_WORK TO COMPLETE_: I need the lines below from the one with "Lot 5 bodies" down to the one with "Fat Face Women" reproduced exactly, both ends included, and nothing else.
==== MATERIAL SUPPLIED
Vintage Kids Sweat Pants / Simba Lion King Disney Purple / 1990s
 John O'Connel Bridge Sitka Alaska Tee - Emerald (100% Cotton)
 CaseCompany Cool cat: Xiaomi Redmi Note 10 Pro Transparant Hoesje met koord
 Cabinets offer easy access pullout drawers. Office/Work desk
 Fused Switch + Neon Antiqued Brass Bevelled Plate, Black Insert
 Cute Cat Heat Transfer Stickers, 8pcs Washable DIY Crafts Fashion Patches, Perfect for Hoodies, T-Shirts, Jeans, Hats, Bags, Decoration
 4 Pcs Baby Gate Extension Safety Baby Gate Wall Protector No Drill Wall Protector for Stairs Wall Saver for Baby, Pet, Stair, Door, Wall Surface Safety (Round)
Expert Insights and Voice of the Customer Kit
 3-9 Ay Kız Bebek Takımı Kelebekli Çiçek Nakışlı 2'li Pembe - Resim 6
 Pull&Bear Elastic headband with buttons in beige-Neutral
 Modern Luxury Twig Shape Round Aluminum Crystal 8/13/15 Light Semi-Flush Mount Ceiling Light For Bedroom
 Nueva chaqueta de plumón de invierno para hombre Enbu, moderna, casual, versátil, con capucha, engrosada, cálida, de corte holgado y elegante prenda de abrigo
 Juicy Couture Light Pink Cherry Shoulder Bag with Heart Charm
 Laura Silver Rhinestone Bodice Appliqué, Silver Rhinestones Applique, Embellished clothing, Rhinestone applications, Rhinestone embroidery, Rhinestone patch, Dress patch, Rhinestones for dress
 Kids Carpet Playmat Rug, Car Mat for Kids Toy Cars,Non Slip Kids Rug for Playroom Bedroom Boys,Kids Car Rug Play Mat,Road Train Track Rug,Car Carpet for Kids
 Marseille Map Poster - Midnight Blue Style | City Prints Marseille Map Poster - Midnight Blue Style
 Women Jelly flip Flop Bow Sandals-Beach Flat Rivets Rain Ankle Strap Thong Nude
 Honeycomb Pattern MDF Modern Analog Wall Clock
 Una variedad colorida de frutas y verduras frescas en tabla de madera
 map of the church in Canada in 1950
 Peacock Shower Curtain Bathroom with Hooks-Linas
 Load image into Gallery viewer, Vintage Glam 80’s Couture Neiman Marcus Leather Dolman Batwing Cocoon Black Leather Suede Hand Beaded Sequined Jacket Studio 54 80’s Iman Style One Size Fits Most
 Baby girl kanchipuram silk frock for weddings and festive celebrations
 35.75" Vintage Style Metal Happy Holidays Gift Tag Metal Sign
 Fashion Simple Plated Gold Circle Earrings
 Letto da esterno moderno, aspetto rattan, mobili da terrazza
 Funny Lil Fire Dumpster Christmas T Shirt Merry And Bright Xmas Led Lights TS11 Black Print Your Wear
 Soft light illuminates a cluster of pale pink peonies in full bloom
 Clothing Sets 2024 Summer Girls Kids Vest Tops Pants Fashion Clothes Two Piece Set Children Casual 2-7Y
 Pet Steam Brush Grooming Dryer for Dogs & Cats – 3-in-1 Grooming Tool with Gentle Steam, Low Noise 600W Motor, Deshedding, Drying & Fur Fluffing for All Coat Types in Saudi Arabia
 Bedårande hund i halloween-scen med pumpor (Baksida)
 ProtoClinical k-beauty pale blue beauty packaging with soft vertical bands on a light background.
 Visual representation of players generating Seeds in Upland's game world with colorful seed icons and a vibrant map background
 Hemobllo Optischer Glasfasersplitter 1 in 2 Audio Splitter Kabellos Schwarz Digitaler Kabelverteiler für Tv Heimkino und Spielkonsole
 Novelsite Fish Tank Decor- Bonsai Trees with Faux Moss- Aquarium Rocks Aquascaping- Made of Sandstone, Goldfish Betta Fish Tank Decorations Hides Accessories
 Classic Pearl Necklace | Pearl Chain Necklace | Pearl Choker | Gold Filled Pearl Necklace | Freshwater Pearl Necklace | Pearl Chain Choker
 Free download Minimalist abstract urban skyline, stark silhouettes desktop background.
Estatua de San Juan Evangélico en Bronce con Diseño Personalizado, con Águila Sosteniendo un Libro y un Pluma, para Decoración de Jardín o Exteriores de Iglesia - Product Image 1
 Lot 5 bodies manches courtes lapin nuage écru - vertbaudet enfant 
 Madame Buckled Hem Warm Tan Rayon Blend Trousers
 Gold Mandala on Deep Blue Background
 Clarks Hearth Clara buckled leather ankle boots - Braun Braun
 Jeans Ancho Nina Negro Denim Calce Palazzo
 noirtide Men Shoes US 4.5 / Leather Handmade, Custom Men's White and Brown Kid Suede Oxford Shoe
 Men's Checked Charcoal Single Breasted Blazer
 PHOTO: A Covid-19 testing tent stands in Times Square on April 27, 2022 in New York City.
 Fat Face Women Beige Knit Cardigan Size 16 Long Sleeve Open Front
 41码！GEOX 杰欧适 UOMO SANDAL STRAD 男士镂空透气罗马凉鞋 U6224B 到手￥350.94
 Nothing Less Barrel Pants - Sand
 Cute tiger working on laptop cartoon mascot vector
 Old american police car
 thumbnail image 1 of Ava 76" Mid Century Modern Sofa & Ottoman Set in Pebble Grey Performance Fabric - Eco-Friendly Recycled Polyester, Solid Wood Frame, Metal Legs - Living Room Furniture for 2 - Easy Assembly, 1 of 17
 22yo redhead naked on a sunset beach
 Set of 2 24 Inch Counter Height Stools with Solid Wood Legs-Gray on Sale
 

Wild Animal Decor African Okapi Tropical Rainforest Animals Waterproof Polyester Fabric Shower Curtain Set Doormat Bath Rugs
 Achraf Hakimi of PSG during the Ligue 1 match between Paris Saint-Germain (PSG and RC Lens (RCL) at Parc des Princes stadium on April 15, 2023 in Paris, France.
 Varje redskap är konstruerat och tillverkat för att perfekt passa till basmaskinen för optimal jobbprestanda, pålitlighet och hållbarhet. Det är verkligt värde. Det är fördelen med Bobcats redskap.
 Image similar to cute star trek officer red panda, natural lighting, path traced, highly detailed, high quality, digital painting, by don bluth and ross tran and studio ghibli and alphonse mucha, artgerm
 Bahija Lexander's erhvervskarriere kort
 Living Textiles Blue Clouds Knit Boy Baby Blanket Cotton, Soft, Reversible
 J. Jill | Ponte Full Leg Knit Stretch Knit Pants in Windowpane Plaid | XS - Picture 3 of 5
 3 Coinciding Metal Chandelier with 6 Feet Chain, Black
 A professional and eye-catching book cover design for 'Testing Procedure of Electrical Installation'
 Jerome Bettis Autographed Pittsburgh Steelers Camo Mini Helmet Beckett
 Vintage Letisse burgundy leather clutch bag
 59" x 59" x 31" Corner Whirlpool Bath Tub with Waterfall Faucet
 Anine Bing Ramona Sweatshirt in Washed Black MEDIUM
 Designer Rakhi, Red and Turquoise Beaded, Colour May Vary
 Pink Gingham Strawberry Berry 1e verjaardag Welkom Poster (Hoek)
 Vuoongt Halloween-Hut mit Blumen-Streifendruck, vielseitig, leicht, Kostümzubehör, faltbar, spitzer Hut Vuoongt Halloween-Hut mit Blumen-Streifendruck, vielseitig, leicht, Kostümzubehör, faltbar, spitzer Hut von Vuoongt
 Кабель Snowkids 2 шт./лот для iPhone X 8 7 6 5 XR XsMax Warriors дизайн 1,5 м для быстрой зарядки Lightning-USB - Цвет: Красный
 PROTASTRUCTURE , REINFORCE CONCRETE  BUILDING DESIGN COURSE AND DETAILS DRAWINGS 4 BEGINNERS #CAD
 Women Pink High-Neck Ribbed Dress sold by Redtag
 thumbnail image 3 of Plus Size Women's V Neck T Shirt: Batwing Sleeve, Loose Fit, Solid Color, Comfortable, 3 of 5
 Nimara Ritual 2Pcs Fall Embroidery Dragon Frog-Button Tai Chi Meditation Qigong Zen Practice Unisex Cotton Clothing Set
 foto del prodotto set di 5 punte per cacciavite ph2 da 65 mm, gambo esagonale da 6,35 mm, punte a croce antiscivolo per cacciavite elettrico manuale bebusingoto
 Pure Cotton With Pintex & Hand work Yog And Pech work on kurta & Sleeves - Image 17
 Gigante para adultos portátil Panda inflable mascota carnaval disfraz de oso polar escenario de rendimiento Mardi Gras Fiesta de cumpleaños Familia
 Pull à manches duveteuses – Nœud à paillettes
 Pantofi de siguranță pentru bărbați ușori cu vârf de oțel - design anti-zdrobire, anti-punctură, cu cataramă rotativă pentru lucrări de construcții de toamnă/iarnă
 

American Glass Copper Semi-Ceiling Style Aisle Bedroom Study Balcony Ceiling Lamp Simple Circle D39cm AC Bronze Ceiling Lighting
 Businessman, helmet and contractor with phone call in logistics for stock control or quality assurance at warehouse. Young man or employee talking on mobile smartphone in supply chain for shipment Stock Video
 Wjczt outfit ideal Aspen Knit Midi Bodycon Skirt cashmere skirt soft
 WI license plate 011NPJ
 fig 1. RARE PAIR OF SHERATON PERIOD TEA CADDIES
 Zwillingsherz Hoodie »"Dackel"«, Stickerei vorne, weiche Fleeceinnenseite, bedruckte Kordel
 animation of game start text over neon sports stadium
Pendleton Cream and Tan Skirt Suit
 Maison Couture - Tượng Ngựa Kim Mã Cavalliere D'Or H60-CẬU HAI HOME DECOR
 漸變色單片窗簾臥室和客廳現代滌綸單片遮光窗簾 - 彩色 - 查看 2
========
_COMPLETED TASK_:
 Lot 5 bodies manches courtes lapin nuage écru - vertbaudet enfant 
 Madame Buckled Hem Warm Tan Rayon Blend Trousers
 Gold Mandala on Deep Blue Background
 Clarks Hearth Clara buckled leather ankle boots - Braun Braun
 Jeans Ancho Nina Negro Denim Calce Palazzo
 noirtide Men Shoes US 4.5 / Leather Handmade, Custom Men's White and Brown Kid Suede Oxford Shoe
 Men's Checked Charcoal Single Breasted Blazer
 PHOTO: A Covid-19 testing tent stands in Times Square on April 27, 2022 in New York City.
 Fat Face Women Beige Knit Cardigan Size 16 Long Sleeve Open Front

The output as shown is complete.